| 10:26 pm on Feb 8, 2011 (gmt 0)|
I think my single best seo strategy is realizing that Google has evolved so much that a strategy must be multi-faceted to be successful in the long term.
There are some tricks that can exploit temporary algo weaknesses. Google is getting faster at fixing those weaknesses. IMHO it is no longer profitable enough to follow the "churn and burn" method. I see greater revenue potential in long term methods and that means less tricks and more fundamentals.
If you focus solely on links you are going to have problems. You need good content to keep people on your site and convert. Without some content your usage data will be poor and Google seems to be using this more and more in their rankings.

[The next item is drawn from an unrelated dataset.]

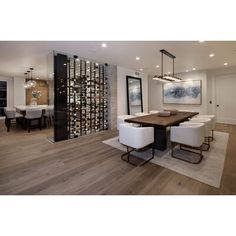 a dining room table with white chairs and a wine rack in the backround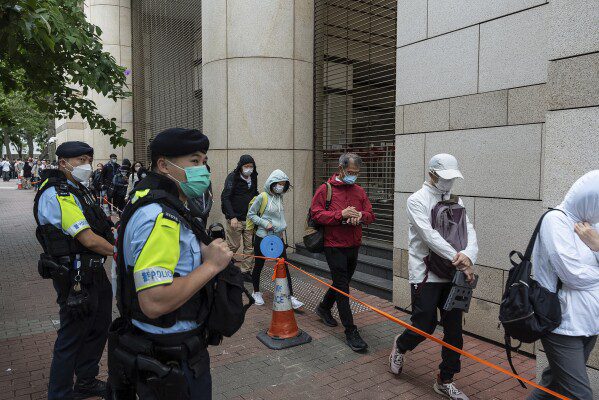 La gente hace cola frente a los Tribunales de Magistrados de West Kowloon en Hong Kong, el jueves 30 de mayo de 2024, antes de los fallos en un caso de seguridad nacional.  (Foto AP/Chan Long Hai)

If you focus solely on content you are going to end up building a mansion with no roads pointing to it. Eventually great content can be discovered and garner the links it deserves but it takes too long and too much investment to simply hope that people discover your site & link to it.
If you focus solely on social you are going to get a short term boost. Social websites tend to have very short lives. When a social site loses popularity so goes your success.
I could go on and mention other aspects that can benefit you. The best strategy is to build synergy using a multi-faceted strategy. For example use social marketing to gain user generated content which attracts new links which then exposes you to more people which then feeds into more social popularity.
Thats just my thought.
| 10:30 pm on Feb 8, 2011 (gmt 0)|
Quit SEOing and get word of mouth traffic. (lol ... sort of)
| 11:00 pm on Feb 8, 2011 (gmt 0)|
Depending on the site, I think I'd go for valid HTML. I have a client whose HTML was so bad that Google only found 19 of the 50k+ pages. After fixing the HTML the number of pages indexed went through the roof. The number of links soared too because Google could index the pages with links pointing to them and award proper credit. Link count went from 9 to 15,000 in two weeks and there are over 1.6 million links credited now. The site had been up for over a year when I started for them and hadn't accomplished anything.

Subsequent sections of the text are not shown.